This 330-Pound ‘Monster Fish’ Washed Ashore & Nobody Really Knows What It Is
The ocean coughs up all sorts of terrifying refuse. Sometimes, the results are big and rotten. At other times, the sea seems to be birthing space aliens. One couple in Australia happened upon something decidedly less mysterious, but still totally unnerving this week: a giant, 330-pound mystery fish that looked big enough to fight a shark and totally kick some ass.
John and Riley Lindholm happened upon the fish while strolling on Moore Park Beach in southern Queensland on Tuesday afternoon. John, who is a charter boat skipper, and claims to know a thing or two about fish, said he had never seen such a terrifying fish. His confusion was evident in an interview with the Australian Broadcasting Corporation: "I've seen a lot of fish, and a lot of big fish, but I've never seen anything like it," he said.
Photos and video of The Very Big Fish™ have been making the rounds on sea monster Twitter.

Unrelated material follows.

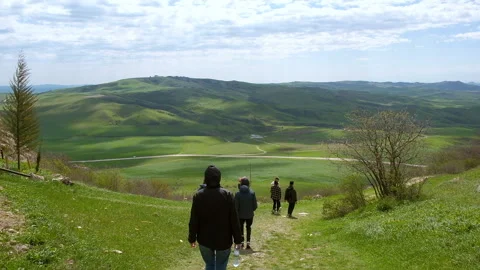 Group of hikers going down a hill to green valley. Adventure, trekking Stock Footage 262219333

Despite people on the internet freaking out over a sea creature -- as they often do -- it was later suspected, albeit not determined, that the fish is probably a grouper. But even Lindholm, the confounded sea skipper and knower of fish, wasn't quite sure.

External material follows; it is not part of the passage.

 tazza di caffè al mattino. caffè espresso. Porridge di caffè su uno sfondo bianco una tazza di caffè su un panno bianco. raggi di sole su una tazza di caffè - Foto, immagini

"I thought it might have been a groper, but looking at the head shape it still may be a groper, but it just doesn't seem to fit with what other people up here have told me," he said.
"[There's] a fair bit of speculation -- it could have been a cod, could have been a groper, and one guy I think might have nailed it when he said it was what they call a tripletail," he continued. "I've seen a lot of fish and its pectoral fin right down near the tail looked a bit odd, sort of looked like it had a joint there, and if it had the same on the other side that could be exactly what it is."
Doing its diligence as a real news site, ABC contacted the Queensland Boating and Fisheries Patrol, which determined that the fish is probably a grouper. But again, they can't really be sure, given the "condition of the fish made a definitive identification difficult," according to a QBFP spokesperson.